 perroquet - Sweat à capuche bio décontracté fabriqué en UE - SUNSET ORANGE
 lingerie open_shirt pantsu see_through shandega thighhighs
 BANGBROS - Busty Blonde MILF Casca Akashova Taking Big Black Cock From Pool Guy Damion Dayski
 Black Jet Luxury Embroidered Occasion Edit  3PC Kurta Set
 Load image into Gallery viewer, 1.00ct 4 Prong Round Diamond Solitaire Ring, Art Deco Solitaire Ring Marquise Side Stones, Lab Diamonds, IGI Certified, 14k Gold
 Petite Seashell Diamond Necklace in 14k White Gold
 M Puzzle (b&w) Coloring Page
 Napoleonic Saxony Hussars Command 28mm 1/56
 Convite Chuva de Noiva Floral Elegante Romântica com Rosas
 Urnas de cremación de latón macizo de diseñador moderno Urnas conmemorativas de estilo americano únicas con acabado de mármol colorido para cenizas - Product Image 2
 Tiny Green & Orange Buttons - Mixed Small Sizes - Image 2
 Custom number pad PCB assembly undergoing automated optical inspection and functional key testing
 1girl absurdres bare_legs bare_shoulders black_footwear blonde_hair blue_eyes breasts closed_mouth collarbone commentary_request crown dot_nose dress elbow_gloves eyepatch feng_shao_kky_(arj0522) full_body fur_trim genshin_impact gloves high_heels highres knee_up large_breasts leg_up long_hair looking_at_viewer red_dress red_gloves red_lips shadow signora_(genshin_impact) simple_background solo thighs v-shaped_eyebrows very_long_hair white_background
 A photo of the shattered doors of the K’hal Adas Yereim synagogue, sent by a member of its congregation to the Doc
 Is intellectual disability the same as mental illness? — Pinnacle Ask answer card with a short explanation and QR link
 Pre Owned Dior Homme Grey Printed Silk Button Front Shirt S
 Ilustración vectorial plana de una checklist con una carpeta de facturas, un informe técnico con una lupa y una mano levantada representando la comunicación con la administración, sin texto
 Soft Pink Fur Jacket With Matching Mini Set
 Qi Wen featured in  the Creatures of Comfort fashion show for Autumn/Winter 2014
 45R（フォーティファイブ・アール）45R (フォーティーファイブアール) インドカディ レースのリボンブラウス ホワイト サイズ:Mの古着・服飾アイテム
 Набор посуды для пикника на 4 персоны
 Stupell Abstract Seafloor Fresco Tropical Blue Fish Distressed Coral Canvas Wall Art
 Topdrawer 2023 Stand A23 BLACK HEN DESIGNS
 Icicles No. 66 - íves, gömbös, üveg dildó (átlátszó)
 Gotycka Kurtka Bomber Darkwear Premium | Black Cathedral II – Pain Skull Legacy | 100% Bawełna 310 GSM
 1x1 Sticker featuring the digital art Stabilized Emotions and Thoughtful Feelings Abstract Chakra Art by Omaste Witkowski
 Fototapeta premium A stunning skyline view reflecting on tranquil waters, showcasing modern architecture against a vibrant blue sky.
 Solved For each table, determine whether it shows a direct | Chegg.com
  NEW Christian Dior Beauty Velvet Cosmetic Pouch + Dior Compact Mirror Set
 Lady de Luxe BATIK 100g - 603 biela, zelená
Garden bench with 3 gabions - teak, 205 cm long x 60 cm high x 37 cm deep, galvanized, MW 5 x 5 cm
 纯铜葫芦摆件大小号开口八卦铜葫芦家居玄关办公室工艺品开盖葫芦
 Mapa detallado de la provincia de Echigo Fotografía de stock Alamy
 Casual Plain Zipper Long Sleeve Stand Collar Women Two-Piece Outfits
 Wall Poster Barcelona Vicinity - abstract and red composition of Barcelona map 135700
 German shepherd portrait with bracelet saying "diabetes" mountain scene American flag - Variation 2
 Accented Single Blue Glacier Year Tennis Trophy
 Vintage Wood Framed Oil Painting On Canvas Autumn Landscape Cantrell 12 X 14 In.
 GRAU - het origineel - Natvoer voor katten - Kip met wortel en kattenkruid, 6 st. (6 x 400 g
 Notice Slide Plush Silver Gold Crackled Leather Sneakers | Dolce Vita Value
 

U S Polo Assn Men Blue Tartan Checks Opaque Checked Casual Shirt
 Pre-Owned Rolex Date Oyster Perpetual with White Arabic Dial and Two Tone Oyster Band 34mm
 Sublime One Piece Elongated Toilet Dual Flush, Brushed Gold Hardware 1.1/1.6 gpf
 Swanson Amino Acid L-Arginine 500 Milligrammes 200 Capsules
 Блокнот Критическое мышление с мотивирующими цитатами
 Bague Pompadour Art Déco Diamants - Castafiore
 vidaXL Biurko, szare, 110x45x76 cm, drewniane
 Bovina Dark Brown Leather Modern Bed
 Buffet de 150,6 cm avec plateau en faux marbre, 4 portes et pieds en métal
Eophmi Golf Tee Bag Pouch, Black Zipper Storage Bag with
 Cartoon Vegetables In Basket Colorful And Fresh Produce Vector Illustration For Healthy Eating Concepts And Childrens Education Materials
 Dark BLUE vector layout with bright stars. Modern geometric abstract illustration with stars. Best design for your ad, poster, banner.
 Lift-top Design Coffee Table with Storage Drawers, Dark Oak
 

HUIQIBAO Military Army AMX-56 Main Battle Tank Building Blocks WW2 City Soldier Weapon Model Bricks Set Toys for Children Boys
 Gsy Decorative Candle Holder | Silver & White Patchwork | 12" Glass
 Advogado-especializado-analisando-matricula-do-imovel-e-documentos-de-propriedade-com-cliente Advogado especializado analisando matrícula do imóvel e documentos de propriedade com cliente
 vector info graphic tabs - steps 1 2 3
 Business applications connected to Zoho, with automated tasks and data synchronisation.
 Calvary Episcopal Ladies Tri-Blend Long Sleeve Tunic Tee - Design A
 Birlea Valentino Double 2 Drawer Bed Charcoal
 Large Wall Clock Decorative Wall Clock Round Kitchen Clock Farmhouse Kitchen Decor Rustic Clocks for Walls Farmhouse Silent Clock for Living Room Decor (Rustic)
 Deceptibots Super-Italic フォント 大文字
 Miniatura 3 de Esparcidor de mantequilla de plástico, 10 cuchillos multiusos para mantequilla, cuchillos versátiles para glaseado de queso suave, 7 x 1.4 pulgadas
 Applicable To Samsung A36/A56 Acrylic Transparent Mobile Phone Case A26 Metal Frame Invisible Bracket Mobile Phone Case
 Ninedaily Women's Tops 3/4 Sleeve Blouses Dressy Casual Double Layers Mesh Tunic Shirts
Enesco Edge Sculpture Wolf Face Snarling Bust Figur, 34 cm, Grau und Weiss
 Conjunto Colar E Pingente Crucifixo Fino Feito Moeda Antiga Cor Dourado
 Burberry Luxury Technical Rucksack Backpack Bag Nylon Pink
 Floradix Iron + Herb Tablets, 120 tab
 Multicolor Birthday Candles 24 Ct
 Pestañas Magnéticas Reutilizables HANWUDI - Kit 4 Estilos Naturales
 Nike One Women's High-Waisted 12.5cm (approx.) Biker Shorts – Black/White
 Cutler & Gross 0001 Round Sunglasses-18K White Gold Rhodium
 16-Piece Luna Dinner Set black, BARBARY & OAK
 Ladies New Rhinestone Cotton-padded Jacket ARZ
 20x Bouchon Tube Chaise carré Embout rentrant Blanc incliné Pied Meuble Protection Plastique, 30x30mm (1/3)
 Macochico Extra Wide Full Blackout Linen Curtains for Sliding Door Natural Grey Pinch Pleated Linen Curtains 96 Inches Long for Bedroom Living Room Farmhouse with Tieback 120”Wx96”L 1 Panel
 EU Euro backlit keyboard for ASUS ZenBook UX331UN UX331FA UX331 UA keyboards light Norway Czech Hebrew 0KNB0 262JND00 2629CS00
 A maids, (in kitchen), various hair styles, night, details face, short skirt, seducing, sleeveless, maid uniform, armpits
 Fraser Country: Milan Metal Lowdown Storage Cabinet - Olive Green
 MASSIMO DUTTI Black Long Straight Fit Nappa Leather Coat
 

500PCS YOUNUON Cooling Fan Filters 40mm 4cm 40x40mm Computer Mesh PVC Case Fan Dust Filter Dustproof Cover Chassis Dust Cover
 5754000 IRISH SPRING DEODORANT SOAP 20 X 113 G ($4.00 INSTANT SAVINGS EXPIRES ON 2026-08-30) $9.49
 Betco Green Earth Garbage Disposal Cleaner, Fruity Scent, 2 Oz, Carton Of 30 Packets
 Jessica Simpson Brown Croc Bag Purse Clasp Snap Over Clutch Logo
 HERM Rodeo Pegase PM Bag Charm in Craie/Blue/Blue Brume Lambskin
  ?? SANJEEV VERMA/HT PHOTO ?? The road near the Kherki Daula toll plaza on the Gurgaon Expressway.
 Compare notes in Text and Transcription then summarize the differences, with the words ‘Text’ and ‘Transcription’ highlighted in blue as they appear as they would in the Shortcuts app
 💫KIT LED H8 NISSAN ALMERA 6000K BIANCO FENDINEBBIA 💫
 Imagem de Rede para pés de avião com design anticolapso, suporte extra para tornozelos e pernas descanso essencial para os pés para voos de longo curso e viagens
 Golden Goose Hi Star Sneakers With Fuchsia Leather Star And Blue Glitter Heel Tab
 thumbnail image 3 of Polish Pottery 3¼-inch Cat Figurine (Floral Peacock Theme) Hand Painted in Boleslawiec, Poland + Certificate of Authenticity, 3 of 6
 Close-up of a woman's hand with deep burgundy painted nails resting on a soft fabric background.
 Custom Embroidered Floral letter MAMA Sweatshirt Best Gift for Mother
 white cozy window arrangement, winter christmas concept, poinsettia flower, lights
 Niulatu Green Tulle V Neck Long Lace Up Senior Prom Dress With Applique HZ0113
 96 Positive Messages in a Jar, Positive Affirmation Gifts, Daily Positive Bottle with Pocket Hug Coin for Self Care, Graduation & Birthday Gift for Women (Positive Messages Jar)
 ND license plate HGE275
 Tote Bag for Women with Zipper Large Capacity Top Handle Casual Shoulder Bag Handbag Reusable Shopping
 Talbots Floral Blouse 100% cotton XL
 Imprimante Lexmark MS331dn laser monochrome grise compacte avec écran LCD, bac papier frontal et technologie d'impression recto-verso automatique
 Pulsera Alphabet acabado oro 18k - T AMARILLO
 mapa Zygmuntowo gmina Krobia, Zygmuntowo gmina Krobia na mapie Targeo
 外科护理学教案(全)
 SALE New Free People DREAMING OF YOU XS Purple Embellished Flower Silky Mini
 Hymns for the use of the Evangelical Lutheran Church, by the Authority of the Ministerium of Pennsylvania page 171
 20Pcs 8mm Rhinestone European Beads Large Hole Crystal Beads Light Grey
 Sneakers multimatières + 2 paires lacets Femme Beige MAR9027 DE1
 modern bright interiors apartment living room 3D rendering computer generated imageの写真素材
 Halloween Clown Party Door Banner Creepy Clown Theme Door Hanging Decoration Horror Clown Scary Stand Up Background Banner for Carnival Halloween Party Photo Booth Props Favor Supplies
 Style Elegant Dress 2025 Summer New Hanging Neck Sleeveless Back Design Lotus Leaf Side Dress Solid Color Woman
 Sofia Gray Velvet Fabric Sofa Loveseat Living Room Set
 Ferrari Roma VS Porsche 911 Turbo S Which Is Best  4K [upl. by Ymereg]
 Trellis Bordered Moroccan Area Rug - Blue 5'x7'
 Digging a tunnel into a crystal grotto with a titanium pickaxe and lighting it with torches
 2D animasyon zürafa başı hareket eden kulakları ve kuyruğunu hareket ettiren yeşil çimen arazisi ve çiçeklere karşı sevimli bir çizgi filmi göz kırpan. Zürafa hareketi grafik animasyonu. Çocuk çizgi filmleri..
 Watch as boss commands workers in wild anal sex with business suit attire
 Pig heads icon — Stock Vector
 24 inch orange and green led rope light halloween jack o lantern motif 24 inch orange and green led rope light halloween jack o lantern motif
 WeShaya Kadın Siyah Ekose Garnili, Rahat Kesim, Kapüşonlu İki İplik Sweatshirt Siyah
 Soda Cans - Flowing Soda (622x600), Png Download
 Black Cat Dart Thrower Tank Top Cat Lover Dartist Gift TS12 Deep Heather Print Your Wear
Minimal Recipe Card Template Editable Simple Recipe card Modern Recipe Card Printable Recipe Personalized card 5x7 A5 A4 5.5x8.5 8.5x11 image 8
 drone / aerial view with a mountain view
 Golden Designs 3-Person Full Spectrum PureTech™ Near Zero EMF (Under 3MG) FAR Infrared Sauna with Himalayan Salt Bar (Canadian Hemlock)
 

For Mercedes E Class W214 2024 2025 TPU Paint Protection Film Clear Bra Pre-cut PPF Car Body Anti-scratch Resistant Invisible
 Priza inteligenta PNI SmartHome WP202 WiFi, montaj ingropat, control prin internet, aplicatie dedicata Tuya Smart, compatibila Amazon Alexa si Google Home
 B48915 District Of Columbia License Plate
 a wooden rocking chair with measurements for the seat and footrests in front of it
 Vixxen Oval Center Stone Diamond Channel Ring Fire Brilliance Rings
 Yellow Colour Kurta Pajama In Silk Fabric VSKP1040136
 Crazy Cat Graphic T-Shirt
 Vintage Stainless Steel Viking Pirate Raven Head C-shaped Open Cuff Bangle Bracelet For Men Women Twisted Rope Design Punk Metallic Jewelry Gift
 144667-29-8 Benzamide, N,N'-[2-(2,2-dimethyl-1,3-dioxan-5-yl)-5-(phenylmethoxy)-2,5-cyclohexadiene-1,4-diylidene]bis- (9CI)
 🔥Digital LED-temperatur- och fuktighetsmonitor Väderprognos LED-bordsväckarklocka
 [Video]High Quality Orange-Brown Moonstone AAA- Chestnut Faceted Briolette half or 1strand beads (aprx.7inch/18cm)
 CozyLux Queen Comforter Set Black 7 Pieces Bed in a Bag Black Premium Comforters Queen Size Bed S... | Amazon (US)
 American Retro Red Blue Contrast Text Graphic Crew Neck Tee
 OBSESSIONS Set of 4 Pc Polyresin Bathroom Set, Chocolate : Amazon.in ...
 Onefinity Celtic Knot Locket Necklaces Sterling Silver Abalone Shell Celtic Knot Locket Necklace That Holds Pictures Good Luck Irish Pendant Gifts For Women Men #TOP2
++++++++++
**Exercise brief:** Copy, please, every line from the start of the entries down to the line that holds "Custom number pad", with both of those lines included and no others.

**Problem solution:**
 perroquet - Sweat à capuche bio décontracté fabriqué en UE - SUNSET ORANGE
 lingerie open_shirt pantsu see_through shandega thighhighs
 BANGBROS - Busty Blonde MILF Casca Akashova Taking Big Black Cock From Pool Guy Damion Dayski
 Black Jet Luxury Embroidered Occasion Edit  3PC Kurta Set
 Load image into Gallery viewer, 1.00ct 4 Prong Round Diamond Solitaire Ring, Art Deco Solitaire Ring Marquise Side Stones, Lab Diamonds, IGI Certified, 14k Gold
 Petite Seashell Diamond Necklace in 14k White Gold
 M Puzzle (b&w) Coloring Page
 Napoleonic Saxony Hussars Command 28mm 1/56
 Convite Chuva de Noiva Floral Elegante Romântica com Rosas
 Urnas de cremación de latón macizo de diseñador moderno Urnas conmemorativas de estilo americano únicas con acabado de mármol colorido para cenizas - Product Image 2
 Tiny Green & Orange Buttons - Mixed Small Sizes - Image 2
 Custom number pad PCB assembly undergoing automated optical inspection and functional key testing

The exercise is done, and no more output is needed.